The Medes and Persians, both of Iranian/”Scythian” origin, were first mentioned in historical records, in the military and administrative records of Assyrian kinds campaigning in western Iran, from the latter part of the ninth century BC. The archaeological evidence for settling of these regions before these records is incomplete, but the Medes likely conquered the area much earlier than this, with their settlement being located between the (Hurrian-speaking) Manneans to the north and the Elamites to the south. The placement of the original Persians is more difficult as it could relate to several different regions from different periods with the name Parsua, apparently indicating that the Persians progressed from north west Iran in a south-eastern direction. Regardless, this settlement saw the gradual settlement and takeover of the region originally dominated by Hurrians, Manneans and Elamites by the Indo-European peoples hailing from the eastern European and central Asian steppes, namely Medes and Persians. It is worth noting that no undoubtedly Median site or inscribed art has been found, so it is difficult to pinpoint art of specifically Median origin. The Ziwiye pieces could feasibly be Median, but this is unproven.

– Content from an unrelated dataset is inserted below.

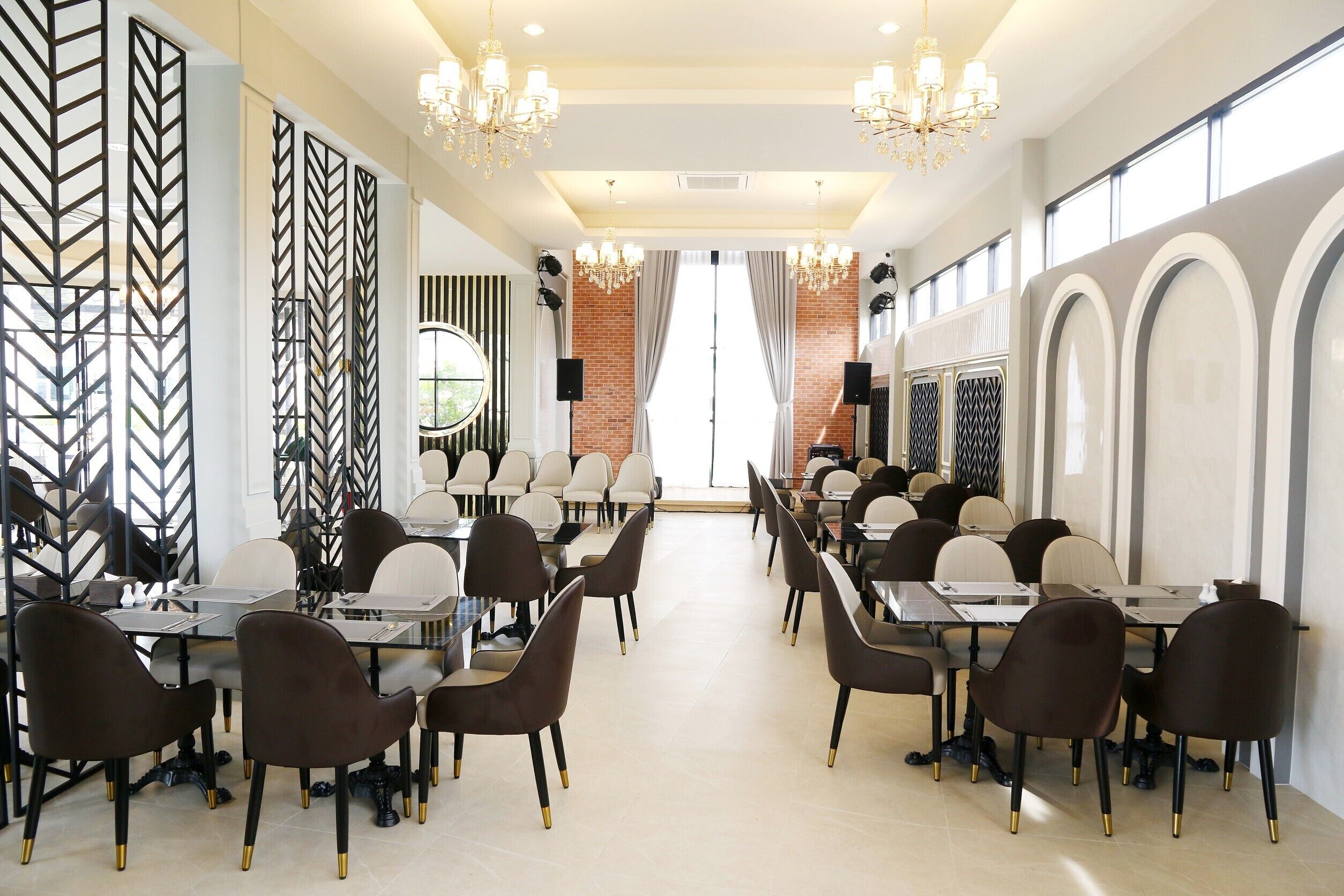 A spacious dining area with long tables and chairs, chandeliers, and brick walls.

Below is a bracelet with lion heads, again showing the importance of the twin animal motif, and another example of possible Scythian influence, from Ziwiye, Late 8th – 7th century BC.


Medians like Scythians appear to have shown an appreciation for dynamic patterns over western Asian art forms, which is indicated in the decoration of weapons and scabbards carried by Median dignitaries in Persepolis reliefs and in the scabbard of an armour-bearer of Darius I, as seen below. This is undoubtedly closer in Scythian pieces in terms of design, with many elements such as the row of goats being incomparable to western Asian motifs. The angular poses are similar to Scythian finds in southern Russia, and the spirals around the edge are also distinctly Scythian in style, perhaps relating to hooked beak-heads.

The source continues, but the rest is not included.